Le Jury relève que la plainte porte sur plusieurs allégations de la publicité en cause qu’elle qualifie de mensongères en ce qu’elles emploient les termes de « Cacao for good* Le Cacao qui change le monde » et « projet d’agroforesterie responsable et équitable » pour qualifier la « transformation d’une plantation de platanos existante en une cacaoyère » tout en proposant, après les deux premières années, de recevoir des « tablettes en provenance [de ce domaine] si la récolte le permet », ce qui suppose d’implanter des arbres âgés de 5 ans retirés de leur sol d’origine car, selon le plaignant, un cacaoyer met en moyenne 7 à 8 ans avant de produire ses premières fèves.

Le Jury rappelle que la Recommandation « Développement durable » ne fait pas obligation à un annonceur de présenter l’ensemble des incidences environnementales de ses activités. Pour autant, la proportionnalité, la clarté et la loyauté du message doivent s’apprécier au regard de la teneur de la ou des allégations écologiques qu’il comporte en matière de développement durable.

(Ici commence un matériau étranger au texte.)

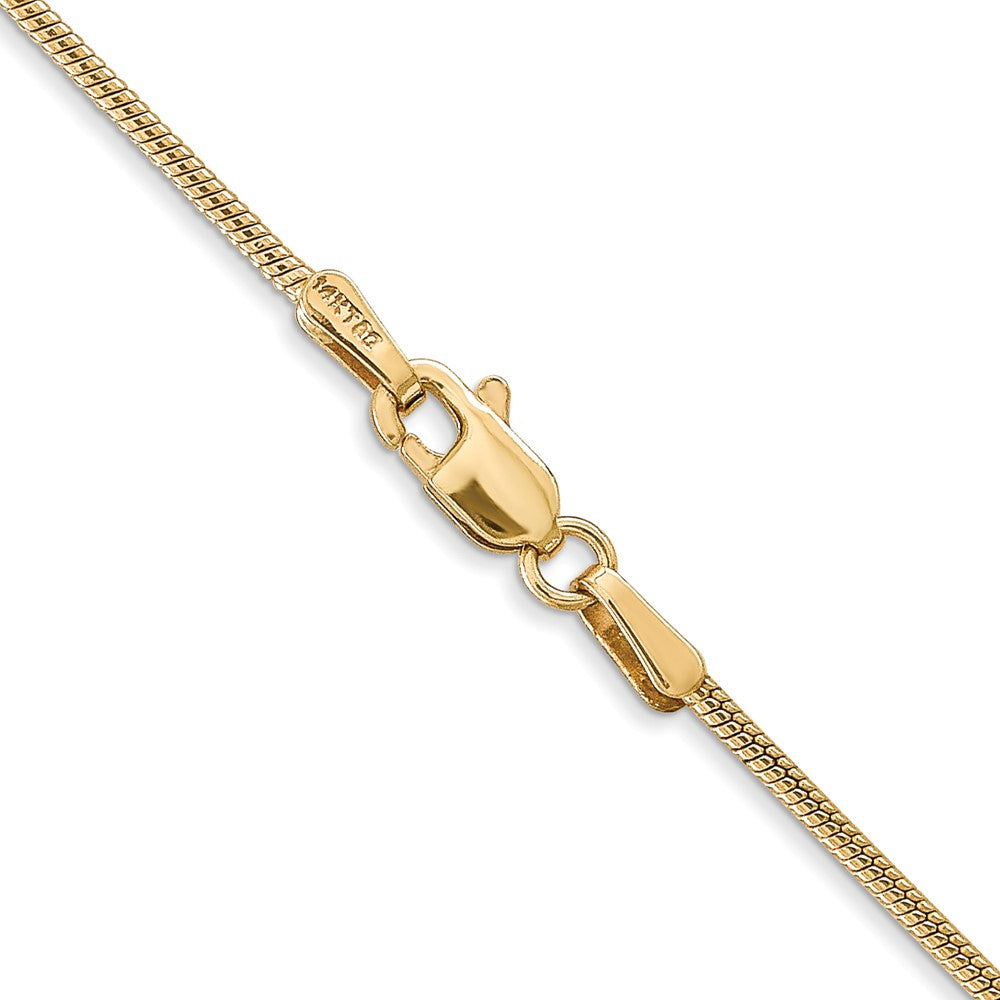 14K 30 inch 1.4mm Round Snake Lobster Clasp Chain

Le Jury observe à cet égard que la publicité critiquée présente la plantation d’une cacaoyère en renvoyant au site www.mulhaupt.fr. Le site expose notamment que le projet reprend « un mode de culture traditionnel qui associe différentes variétés de végétaux dans une même plantation. Comme la permaculture, l’agroforesterie permet un co-développement bénéfique entre les espèces. La plantation compte à ce jour plus de 14 000 arbres comme des orangers, citronniers, avocatiers, papayers, bananiers, manguiers, mandariniers, goyaviers, cocotiers, rambutans. Nous venons d’y planter 1 625 cacaoyers en avril 2019. Nous nous engageons à planter 5 300 cacaoyers supplémentaires » et que « CACAO FOR GOOD* s’engage à former les campesinos (paysans) au métier de la culture du cacao sans pesticides ». Si ces éléments de contexte permettent de présenter les avantages de cette plantation, l’annonceur n’a fourni aucun élément permettant de répondre aux critiques sur l’incidence de la replantation d’arbres âgés de 5 ans, ainsi que l’indique le plaignant sans être contredit.

Le Jury constate en outre que les termes « changer le monde » et « agroforesterie responsable et équitable » constituent des formulations globales non relativisées au sens du point 7.3 de la Recommandation précitée, qui ne sont pas justifiées alors que le projet de replantation est de nature à comporter des conséquences négatives sur l’environnement.

Le Jury estime en conséquence que cette communication est de nature à induire en erreur le public sur la réalité de l’impact environnemental, notamment sur la flore et la faune sauvage, du projet d’agroforesterie promu.

Dans ces conditions, et sans sous-estimer l’intérêt du projet en cause, le Jury est d’avis que la publicité critiquée, telle qu’elle est conçue, méconnaît dans cette mesure la Recommandation précitée.

Avis adopté le 6 mai 2022 par Mme Gargoullaud, Vice-Présidente, Mme Charlot, MM. Lucas-Boursier et Thomelin.